Go to the Target Mesh Specials menu, hit the Mesh to Hair button
Note that this operator does allow random vertex order, but there's one limitation.
Each hair particle(strand) has it's own direction like curves, in each strand, end vertex(vertex links to only 1 edge,each strand has two ends) with a lower index number defines the root to generate hair from, the order of the rest of the vertices does not affect the result. However if the root vertex is wrong, the hair strand will flip (sorry currently I can't think of a better way to find root vertex...)
Use the measureit addon that comes with blender to visualize vertex indices.

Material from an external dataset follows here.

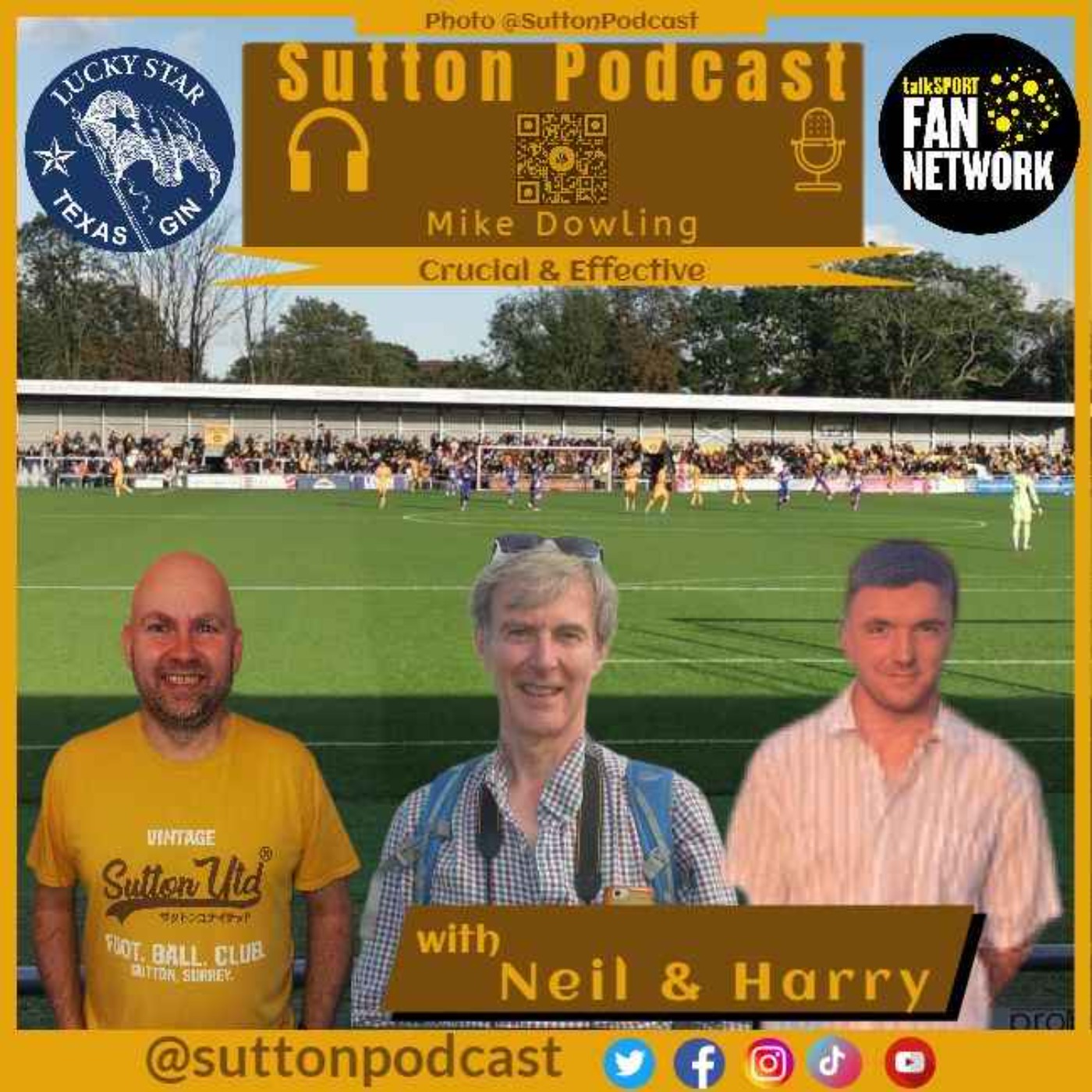 Sutton United Talk Time on Podcast - The Sutton Podcast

One way to make sure that the vertex order is right is to convert the target mesh to curve, go to curve edit mode, turn on draw normals under viewport overlays, you can see if the curves are pointing in the right direction (in most cases should be pointing away from the particle emitter), if not, switch curve direction, and convert back to mesh.
Now the hair is generated
Tweak some settings if you like
Bind the target mesh to an armature with automatic weights
Turn on layer update and global update, now you can use armature to control hair particles
Hair rig layer data are stored in Object level and will not lose when objects being linked to other files, but the hair rig object list is stored in Scene level, this list will be read by the handler function, so even an object has hair rig layer data, if it is not in the list, hair particles will not update, this design is mainly for performance efficiency. To recalculate the list, simply press the Initialize button right beside the Global Update switch, and you're good to go.